*Input material*:
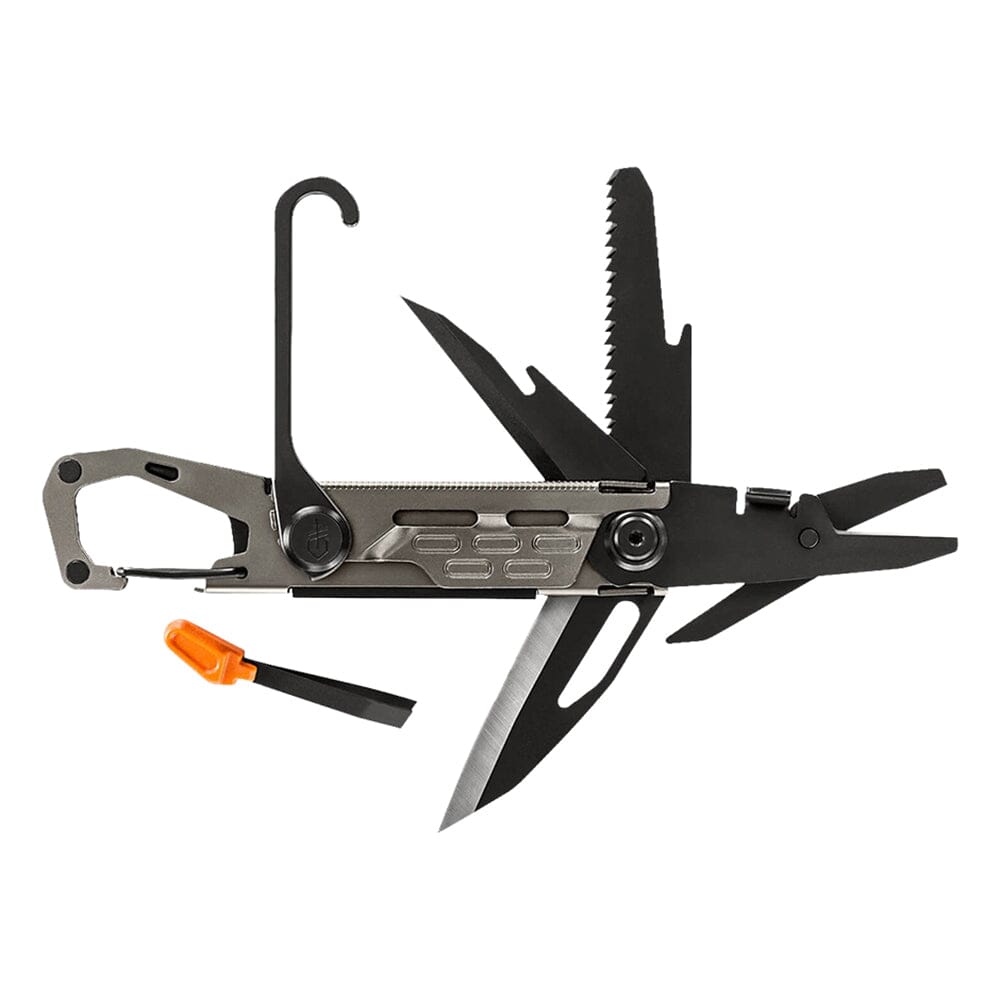 Multiherramienta STAKE OUT Gerber Gerber Negro 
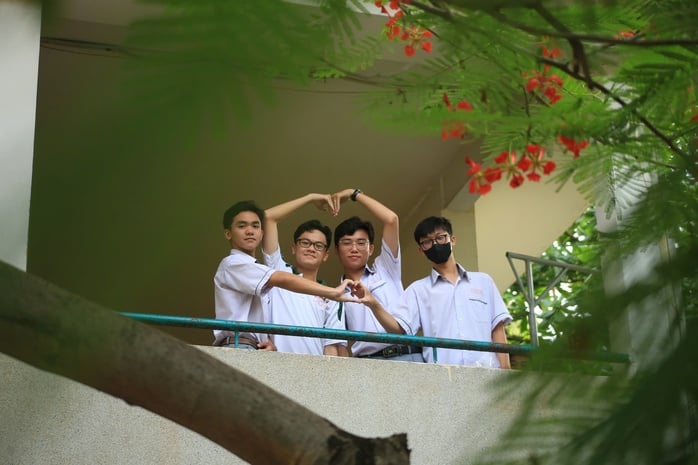 Lịch thi và những điều sĩ tử tuyệt đối không thể quên tại kỳ thi tốt nghiệp THPT quốc gia 2025 - Ảnh 2.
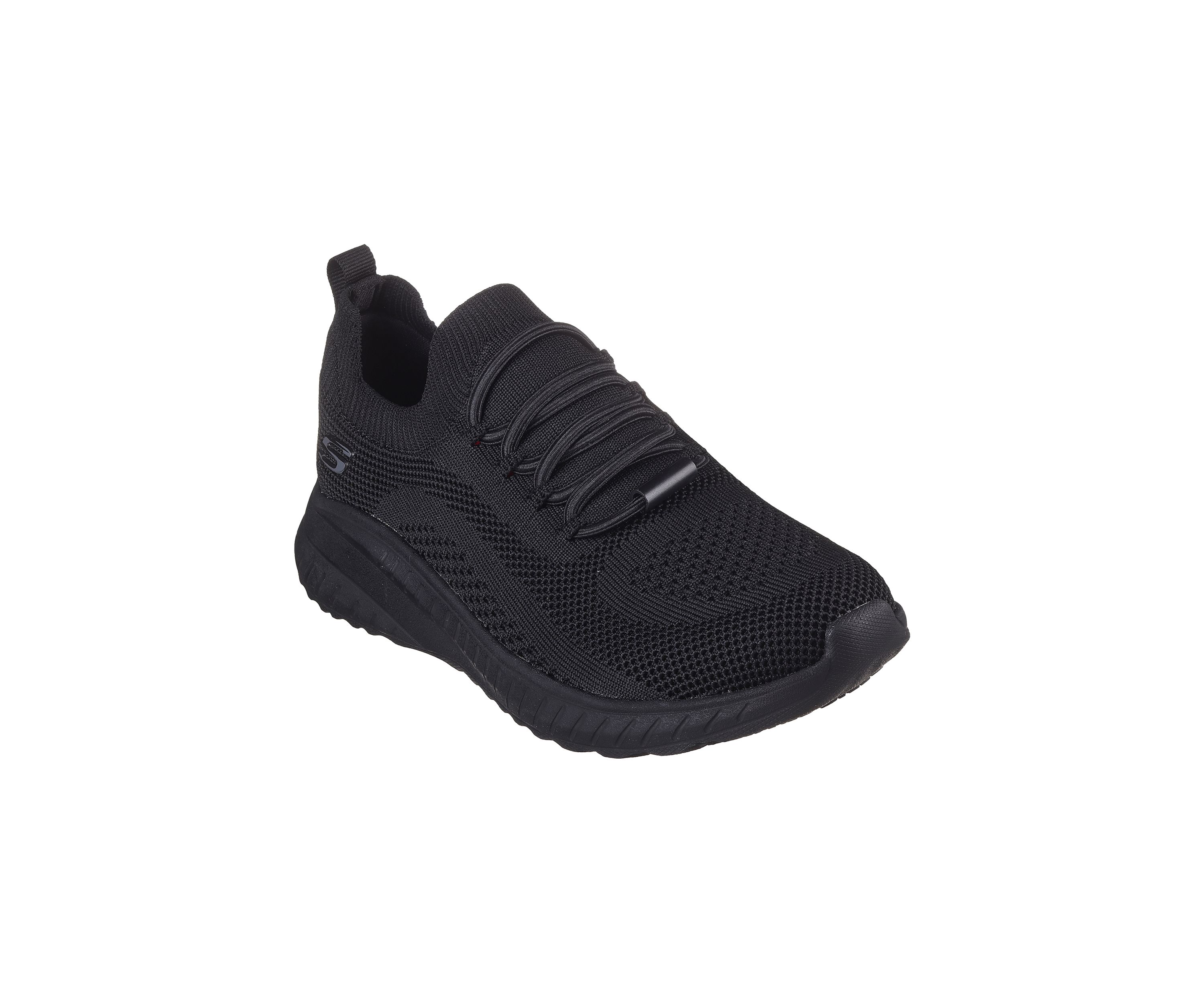 Work Relaxed Fit: Bobs Sport Squad Chaos SR Sneakers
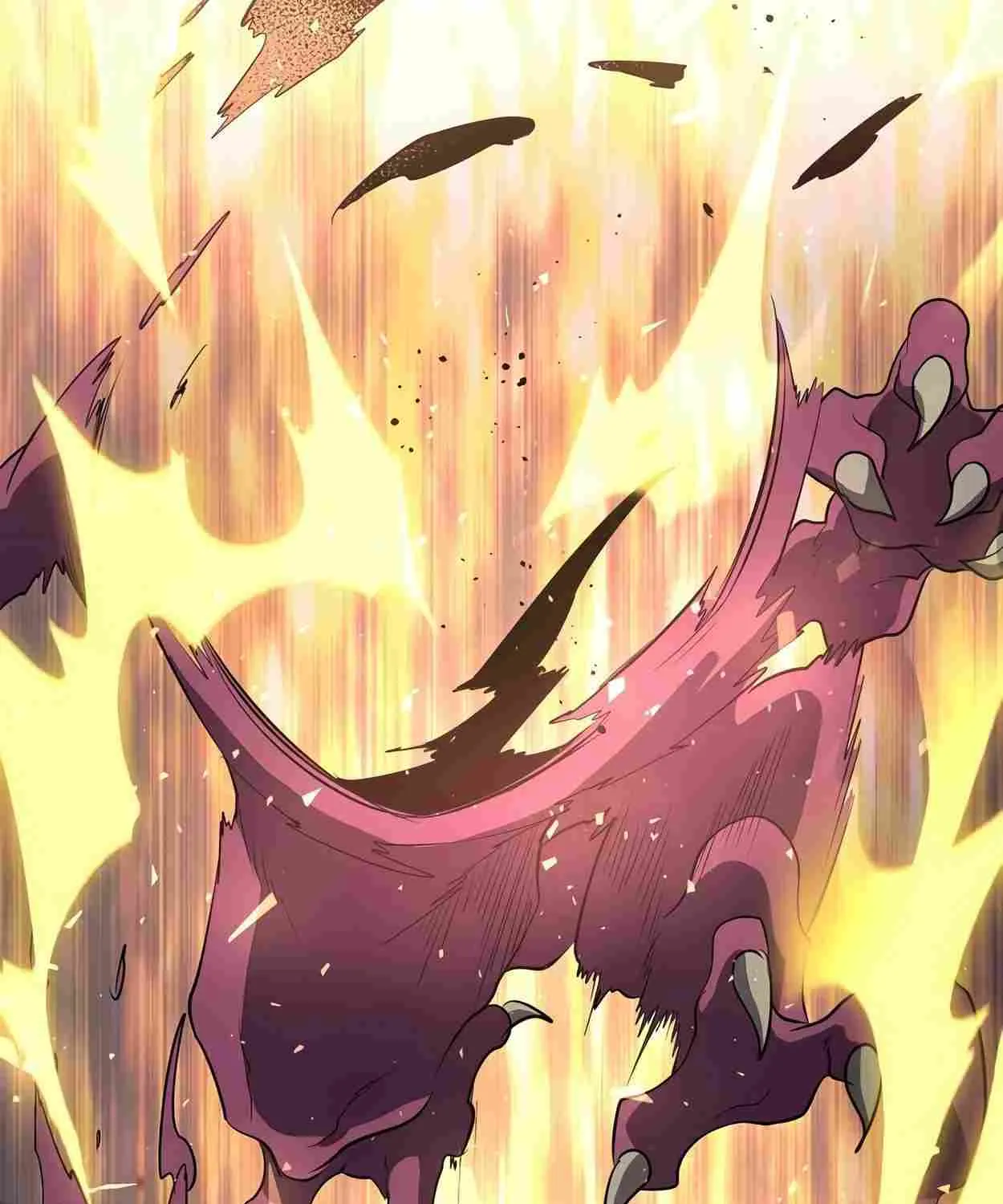 Leveling Up With Skills Chapter 40 page 36 - 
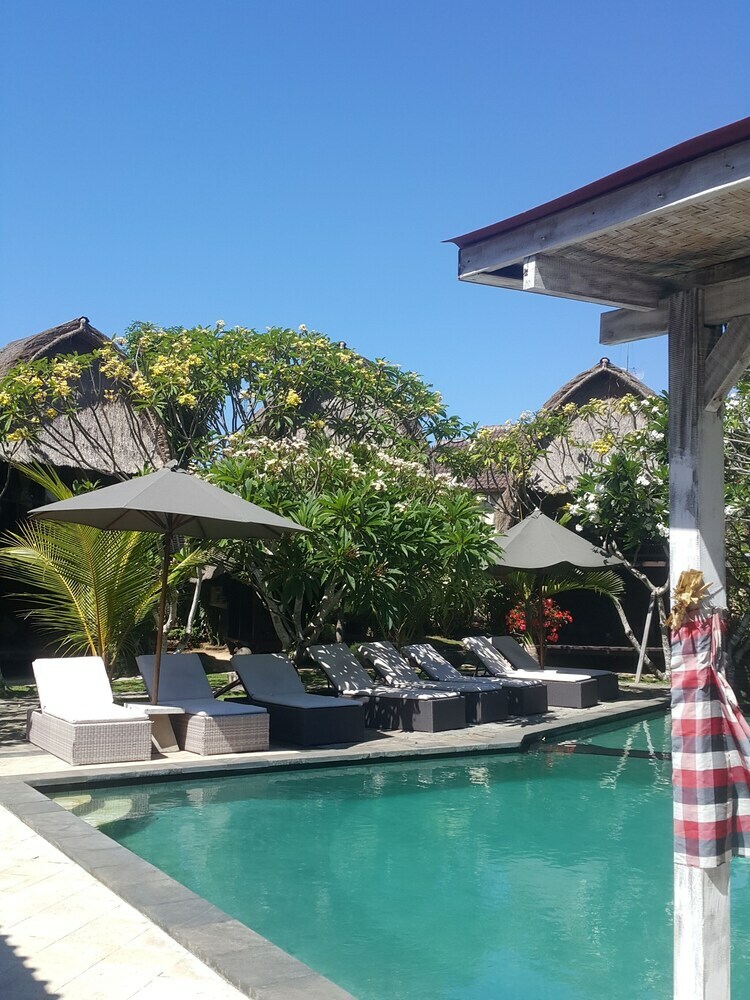Hotel Nanuks Bungalows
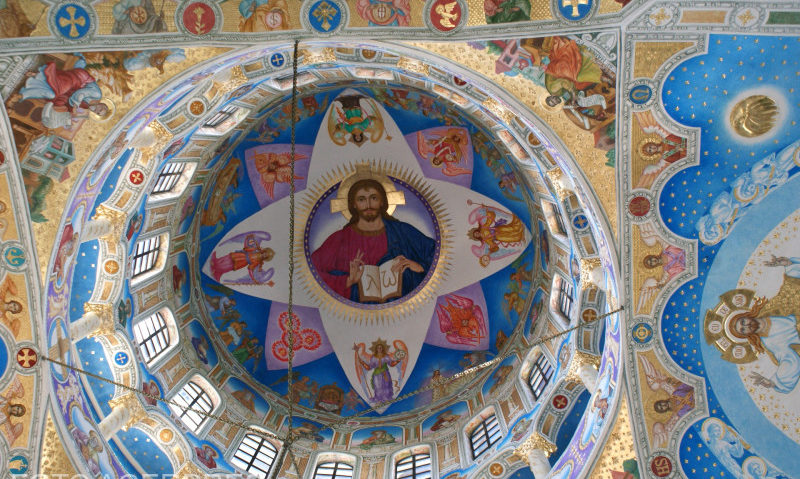 Tradiții de Florii în satul românesc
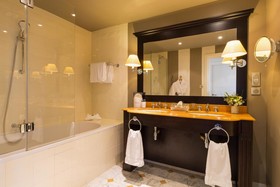 Grand Hotel Beauvau Marseille Vieux-Port – MGallery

*How to complete this task*: The required output is the span of lines from the line with "Tradiții de Florii în satul românesc" through the final line of the listing above, reproduced exactly, minus the pictures.

*Output of the exercise*:
 Tradiții de Florii în satul românesc
 Grand Hotel Beauvau Marseille Vieux-Port – MGallery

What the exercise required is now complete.